Since October is the month of the Rosary, this actually worked out perfectly. We spent a few days in class just learning about the Rosary. I explained to the class that the Rosary is an item that the Blessed Mother gave us to pray. The children learned how to treat a Rosary with reverence and that each bead on the Rosary serves as a guide to help us pray. I own several Rosaries which I had on display in our prayer area for the class to examine and touch. The initial lessons were worthwhile because my students were fascinated by my personal Rosaries and interacted with the very reverently.
After a few days of learning about the Rosary, my students made kinder-friendly Rosaries in class using white pipe cleaners and pastel pony beads. I love this project – it is a simple little craft that helps children develop a personal connection to the Rosary. You can find step-by-step directions for the project here.
The next day, we were finally ready to pray a decade of the Rosary in class. I held my own pipe cleaner Rosary for the children to see and guided my students through the transitions from one bead to the next. Each child held his or her own Rosary and followed along the beads with their fingers while I led the class in prayer.

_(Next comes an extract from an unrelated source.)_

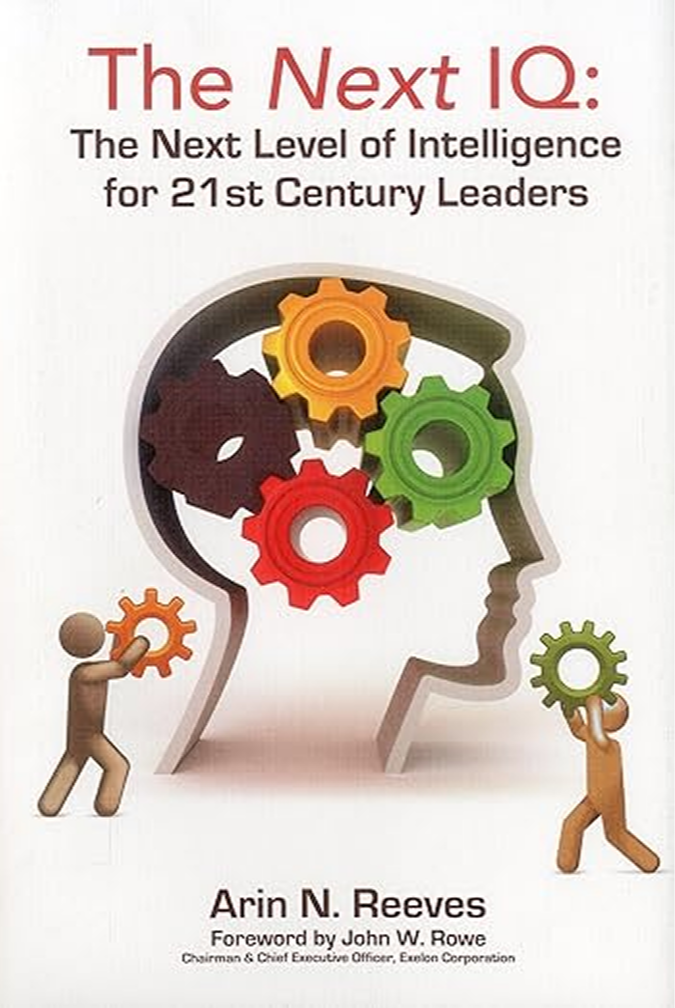 The Next IQ book cover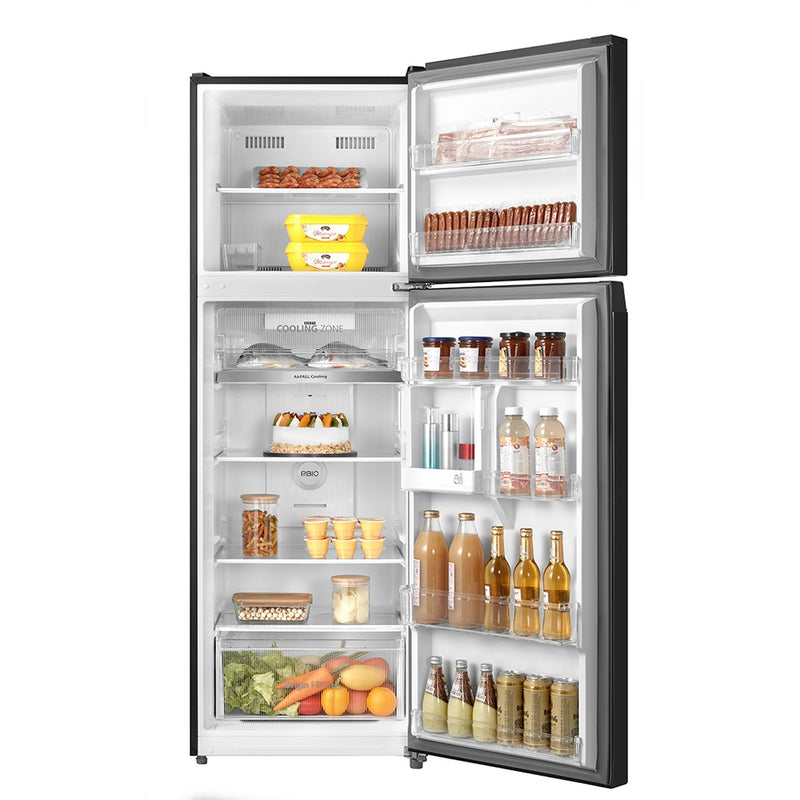 Toshiba Fridge 2 Door Inverter 400L (mora gray) GR-RT468WE-PMY(06)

I do not have all of the steps of praying the Rosary memorized, so I created a guide for myself to follow while I pray with the children. It’s very visual and clearly indicates the prayer that corresponds to each bead on the Rosary. I also typed the words to all the prayers (including the tricky ones like the Hail Holy Queen and Apostles Creed). Those sheets are both 8.5×11″.

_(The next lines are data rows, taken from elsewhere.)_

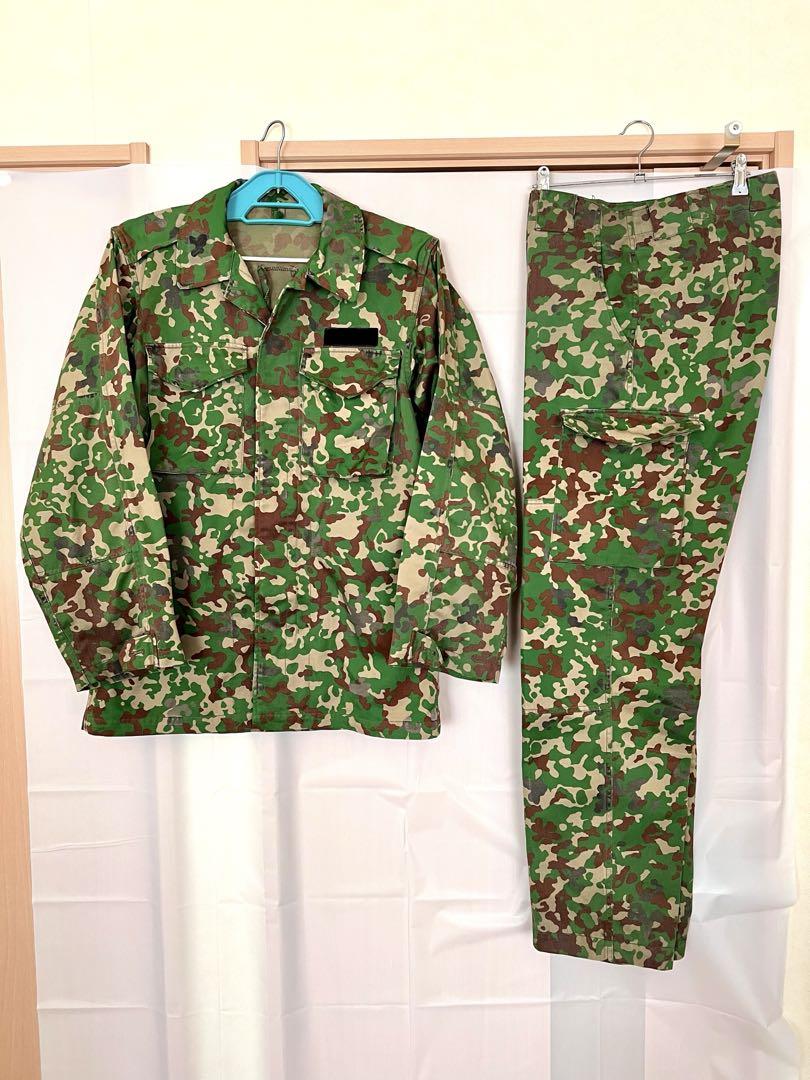 ＰＸ購入品　5Ａ　戦闘服上下 　ノーアイロン Amazon | PX 陸上自衛隊 迷彩 戦闘服 2型 TC リップストップ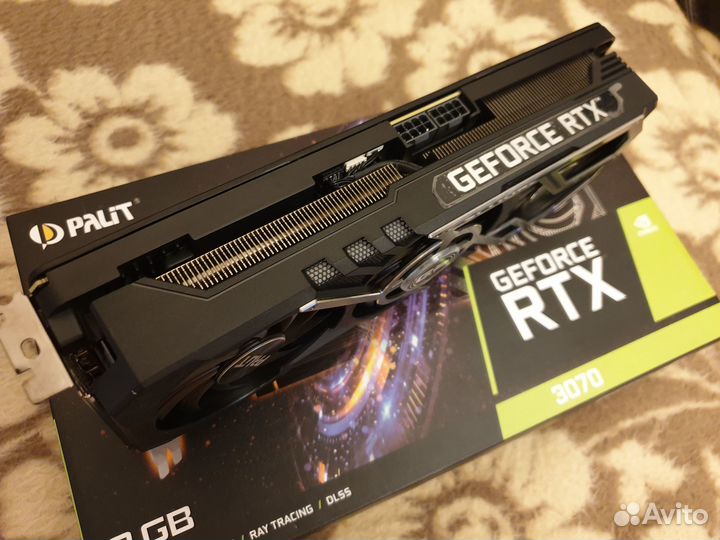 Видеокарта rtx 3070 8gb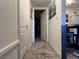Hallway with access to bedrooms and other rooms at 4050 Pacific Harbors Dr # 133, Las Vegas, NV 89121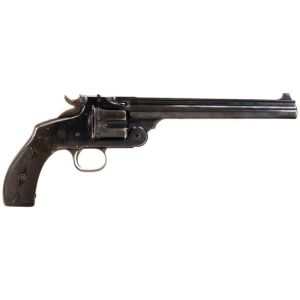 Smith & Wesson Antique New Model No 3 Target Revolver - 44 Russian, 8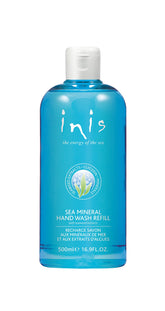 Inis Energy of the Sea Jabon manos mineral: recarga para botella y reducción de plástico.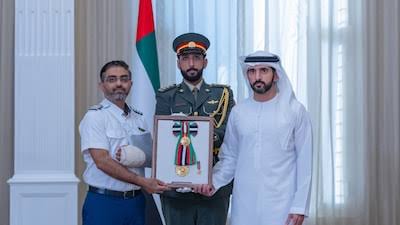 UAE honours Indian pilot Captain Smit Machchhar for bravery during flydubai cockpit attack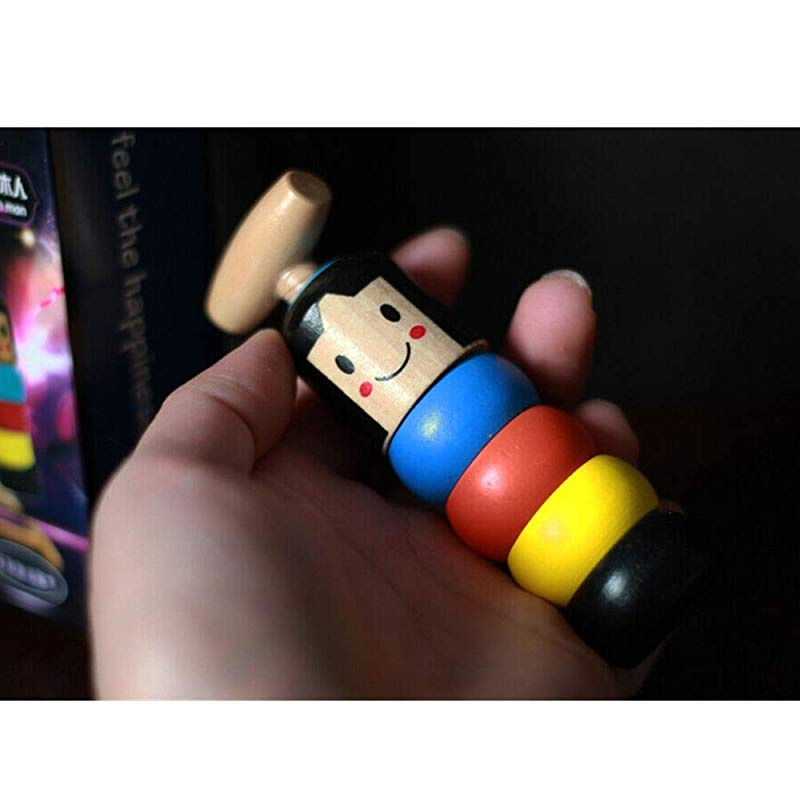 Funny Unbreakable Wooden Man Magic Toy Japanese Style Immortal Daruma Puppet Halloween Stage Magic Props Halloween Christmas Funny Unbreakable Wooden Man Magic Toy Japanese Style Immortal Daruma Puppet Halloween Stage Magic Props Halloween Christmas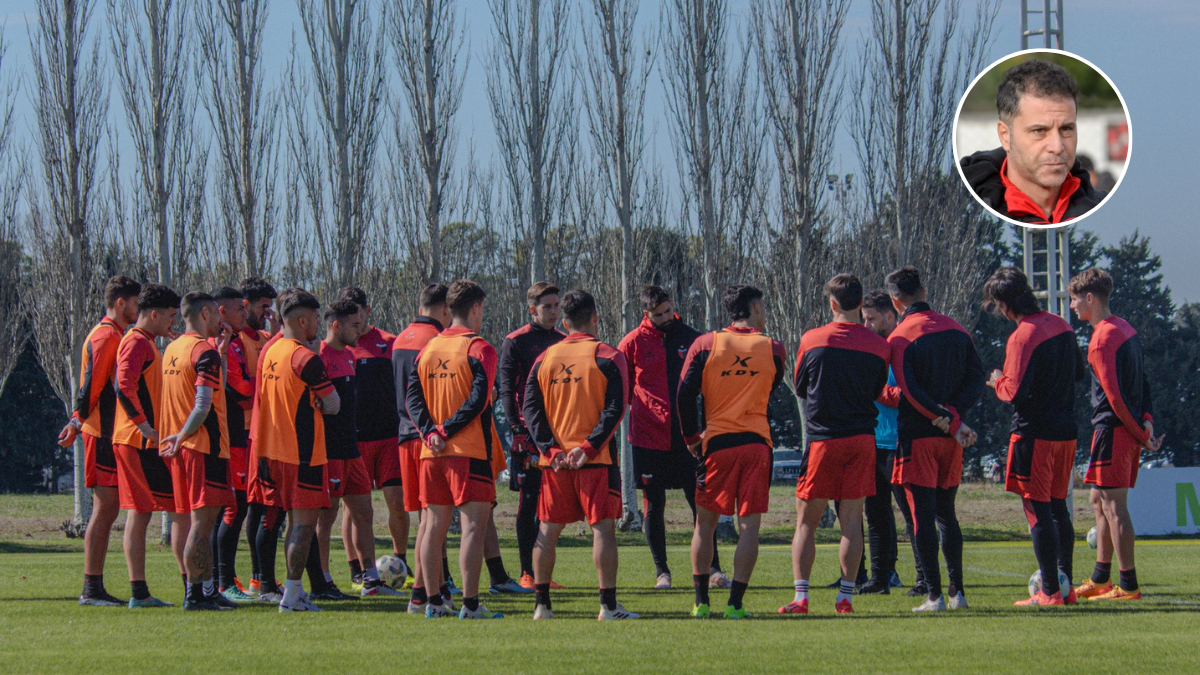 La decisión de Rodolfo De Paoli para intentar torcer el rumbo de un Colón que viene golpeado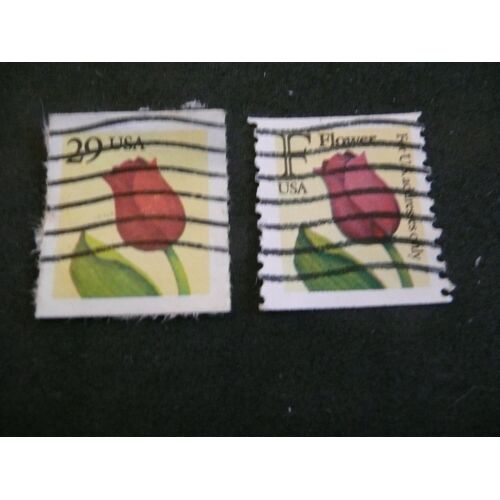 2 Timbres Etats-Unis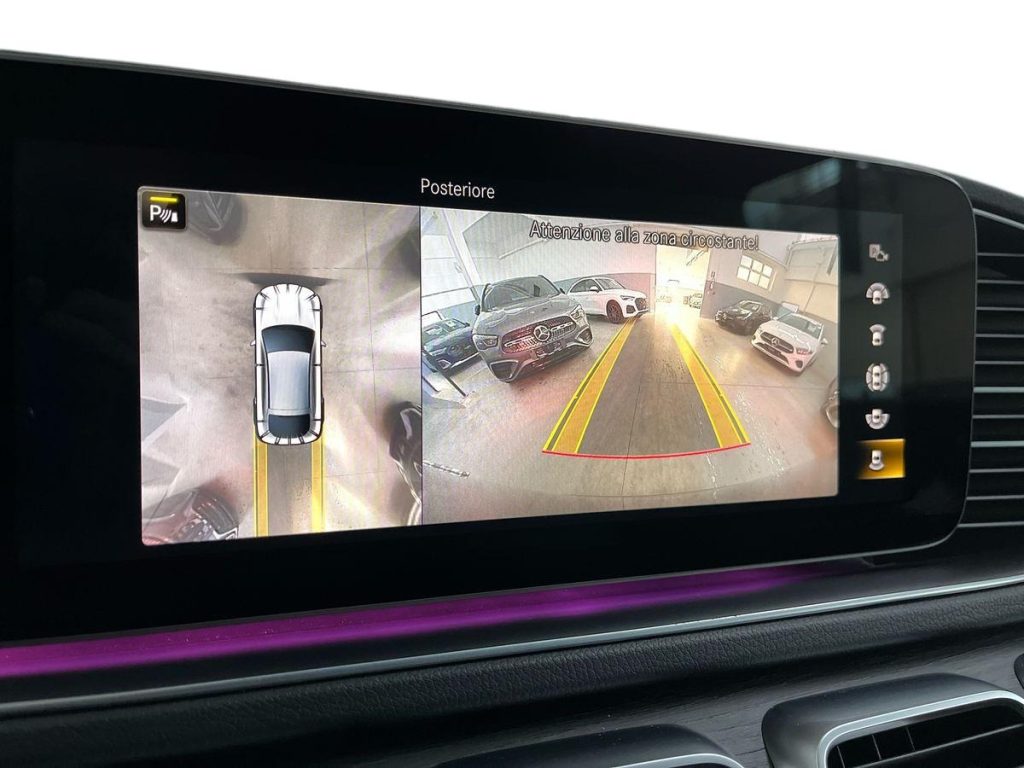 MERCEDES-BENZ GLE 350 de 4Matic Plug-in Hybrid Coupé Premium Pro - 13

For convenience, I also created a quick reference guide that can be trimmed into 5.5×4.25″ cards. The quick reference guide contains the words for each prayer, as well as a listing of all of the mysteries for me to easily hold and refer to while I lead the class in prayer. I printed the guide on white paper, trimmed the edges and glued onto light blue car stock, and finished by punching holes in each card to store on a binder ring. This is a small and very convenient tool that I keep nearby when we pray together in class.

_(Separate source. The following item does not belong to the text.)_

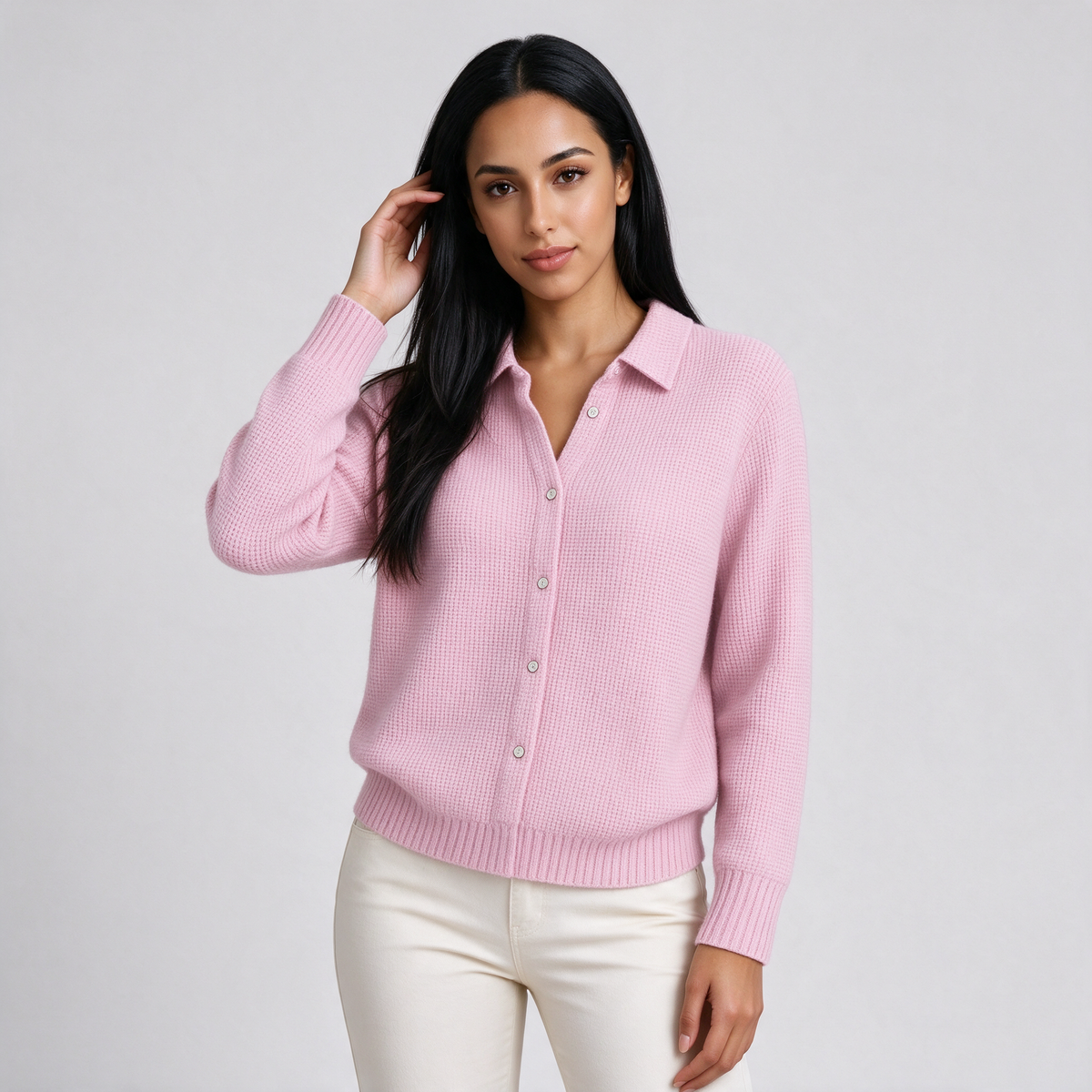 Women's Soft Knit Cardigan – Everyday Winter Knitwear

I am sharing my Rosary materials with you as a FREEBIE. If you teach the Rosary in your classroom, it is be a very helpful guide for your students and their parents. Click the image below to grab this great Freebie!
Over the course of the year, we will make our way through all of the mysteries of the Rosary. We started with the Joyful mysteries (so far we have included the first two Joyful Mysteries in our classroom decades). This is how my classroom prayer space looks when it is set up to pray the Rosary.
The mysteries themselves an be difficult to adequately explain to my students and I like to show them a picture of the each one as it is introduced. Fortunately, I have a wonderful children’s Bible that I always keep in my classroom prayer space. It has child-friendly illustrations and tells the story of most of the mysteries of the Rosary quite well.
The stories for a few mysteries (such as The Wedding at Cana, some specific events of the Passion for the Sorrowful Mysteries, as well as Mary’s Assumption and Coronation) are missing from this Bible but I don’t mind supplementing a bit. Of the three children’s Bibles I have in my classroom, this particular bible contained narratives of the most mysteries and was the most kinder-friendly.
After praying the Rosary only a few times in class, I can already tell that this will be one of my favorite activities each week with my students. This prayer time has become a special moment in our weekly schedule and I invite other Catholic teachers to share the same experience with your students.